• [SUPPLIED ENTRIES]:

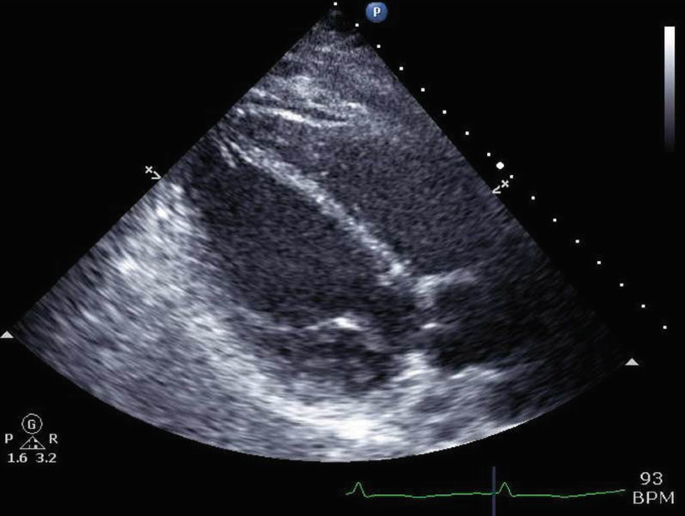Ultrasound for Shock Evaluation, Resuscitation, and Critical Care  Procedures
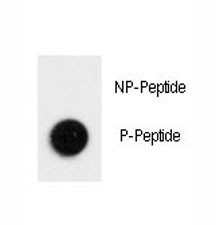 Anti-phospho-LC3B (Thr12)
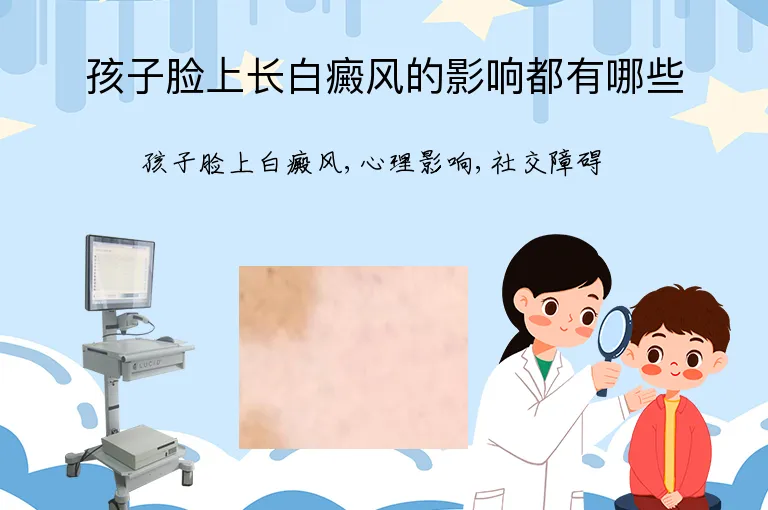 孩子脸上长白癜风的影响都有哪些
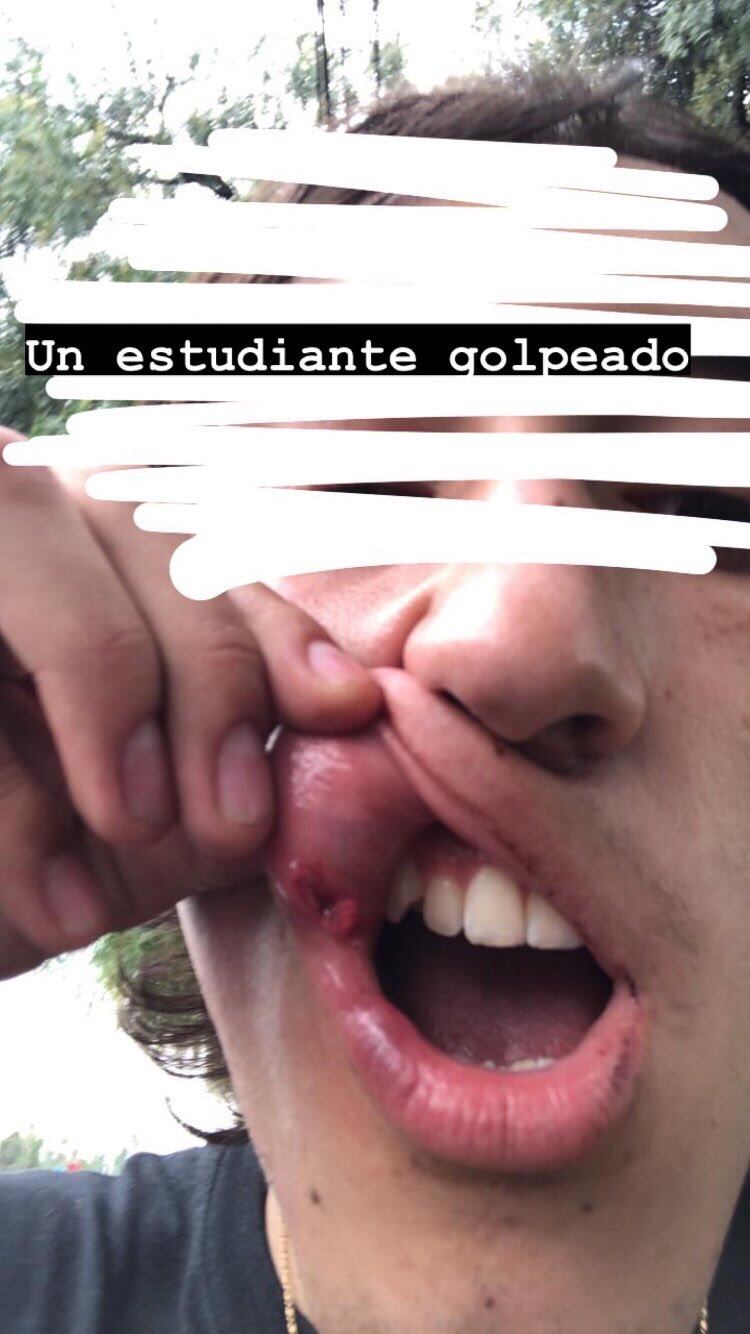 Estudiante golpeado por guardia de seguridad de la UNAM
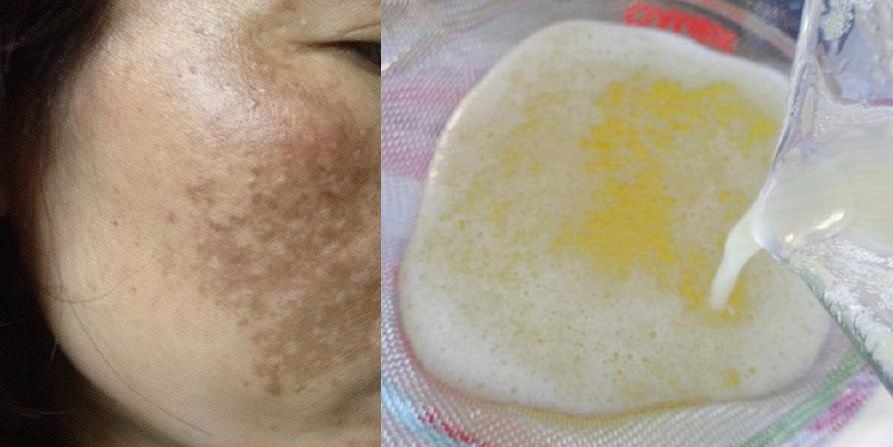 Triệu triệu phụ nữ đã dùng 2 thứ này mỗi ngày để trị &rsquo;vĩnh viễn&rsquo; nám và tàn nhang trên da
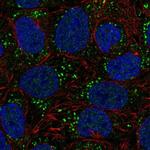 DGKA Polyclonal Antibody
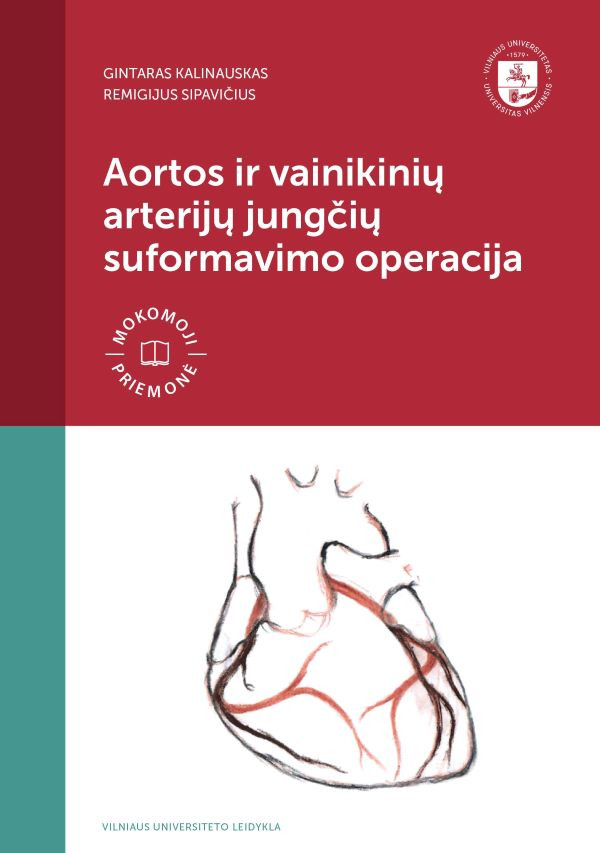 Aortos ir vainikinių arterijųjungčių suformavimo operacija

• [WHAT THE EXERCISE ASKS]: Take the line that holds "孩子脸上长白癜风的影响都有哪些" as the start and the last line of the data as the end. Copy only those lines exactly, both ends included, except the pictures.

• [RESPONSE FOR THIS EXERCISE]:
 孩子脸上长白癜风的影响都有哪些
 Estudiante golpeado por guardia de seguridad de la UNAM
 Triệu triệu phụ nữ đã dùng 2 thứ này mỗi ngày để trị &rsquo;vĩnh viễn&rsquo; nám và tàn nhang trên da
 DGKA Polyclonal Antibody
 Aortos ir vainikinių arterijųjungčių suformavimo operacija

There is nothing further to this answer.